Ex Councillor is probably unaware that our new Clerk, who I understand
has had no previous experience as a Council Clerk, has stated,
If I replied to every question put to me, I should not
have time to fulfil my duties to the public, which are my first
responsibility, and the Council Chairman, who is relatively
young and inexperienced seems to agree with that statement.
This of course is absolutely incorrect. The first responsibility
of all members of the Council, officer of member, is to the sovereign
body, the council, and anyone who supposes otherwise would be
wise to seek the advice of the Parish Councils Officer
of the Leicestershire and Rutland Association of Local and Parish
Councils, whose duty it is to advise Clerks and members of Parish
Councils on such issues. It would also seem that Ex Councillor
would have benefited from such a consultation before pontificating
on such Council issues as she has done in her letter.
Cllr Chris Clarke
My good lady friend suffers from various complaints which
restrict her mobility, amongst other things. When she took delivery
of a brand new second-hand electric wheel chair, therefore, she
was raised to a state of ecstasy rarely witnessed these days,
and immediately decided to go to the shops.

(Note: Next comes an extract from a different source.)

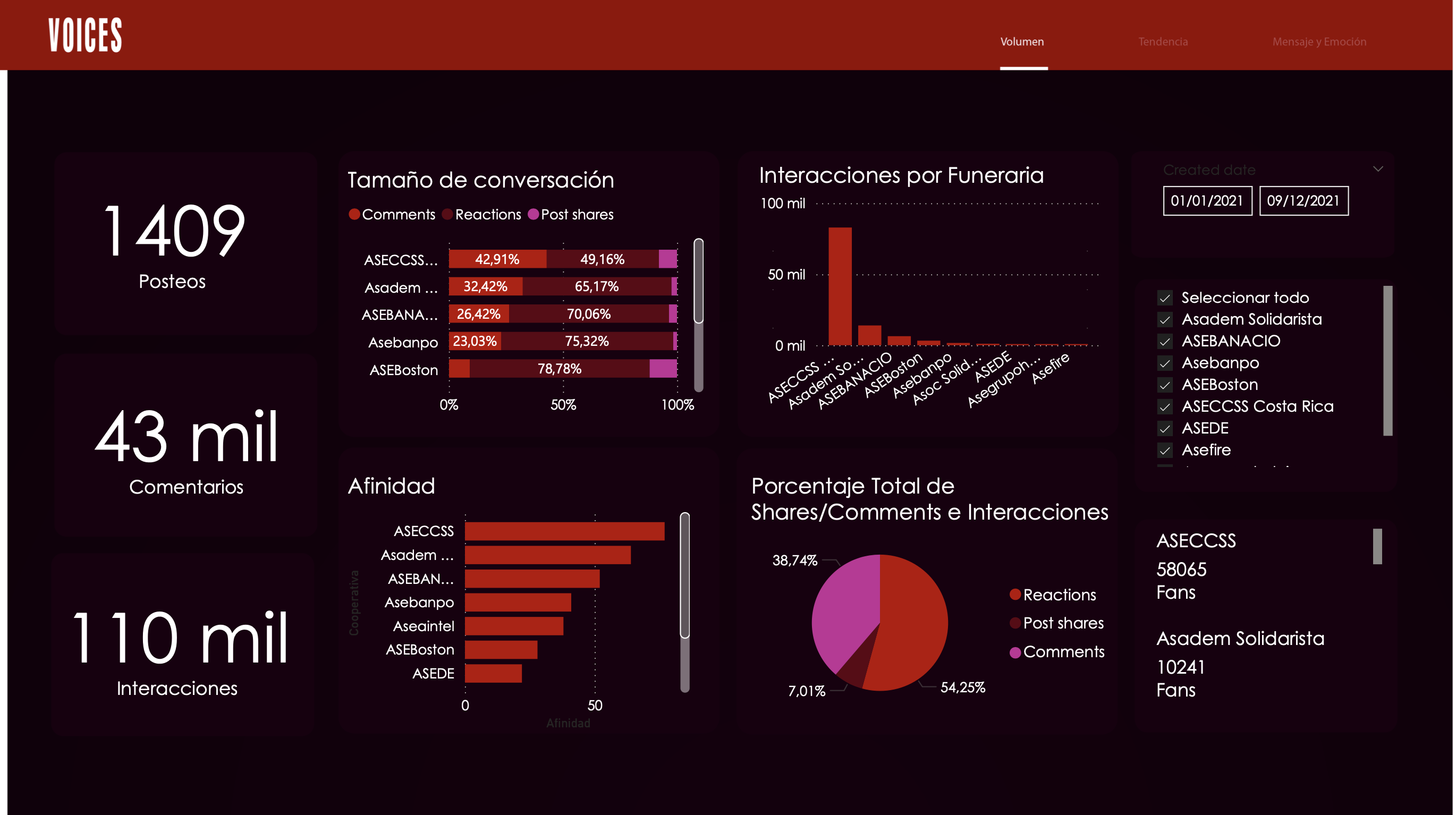 Power BI Dashboard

One incident marred this otherwise glorious procession. At the
corner beside the Alliance & Leicester bank a woman had parked
her car in such a manner that it obstructed the pavement, almost
preventing the wheelchair from passing, as well as the drive
to the flat above the bank, and over a double yellow line. She
had left her children in the car and gone off shopping. Whilst
we were trying to pass - without going onto the road which is
dangerous at that point, being a blind turn - she returned (walking
normally - in no way could she claim to be disabled), jumped
in her car and drive off in a manner which suggested that she
did not wish to know that we existed.
Later that week the good lady decided to try going to the Gates
estate, where her church house-group meet occasionally. On one
Gate there were several cars parked on the pavement, two in such
a manner that even I could not pass them on foot. She was forced
onto the road, again on a bend which is NOT a good idea.
There may be an excuse for people who live along these relatively
narrow roads who have motor vehicles and whose driveways are
full, parking on part of the pavement to improve safety for other
road users - but not at the expense of pedestrians: but the bl**dy
minded arrogance of the woman outside the Alliance & Leicester
takes the ships biscuit (and I hope it is stale).
Dr D A C McNeil
I wish to take this opportunity to say thank you
all to the many friends and neighbours for their love and support
and the many prayers said for me during my time of heart surgery.
For the many cards, flowers and good wishes, visits and love
and support of Chris Gray, particularly for the prayers said
for me, which have been very uplifting for me and the family.
Im making a good, slow, recovery and hope to be amongst
you all again very shortly.
Thanks & God Bless
Alice (Staines)
A big thank you to all the helpers, all the donators and all
the supporters of the Birstall R.B.L. Womens Section Coffee
Morning on Friday June 15.
£140 was realised for the Womens Section funds.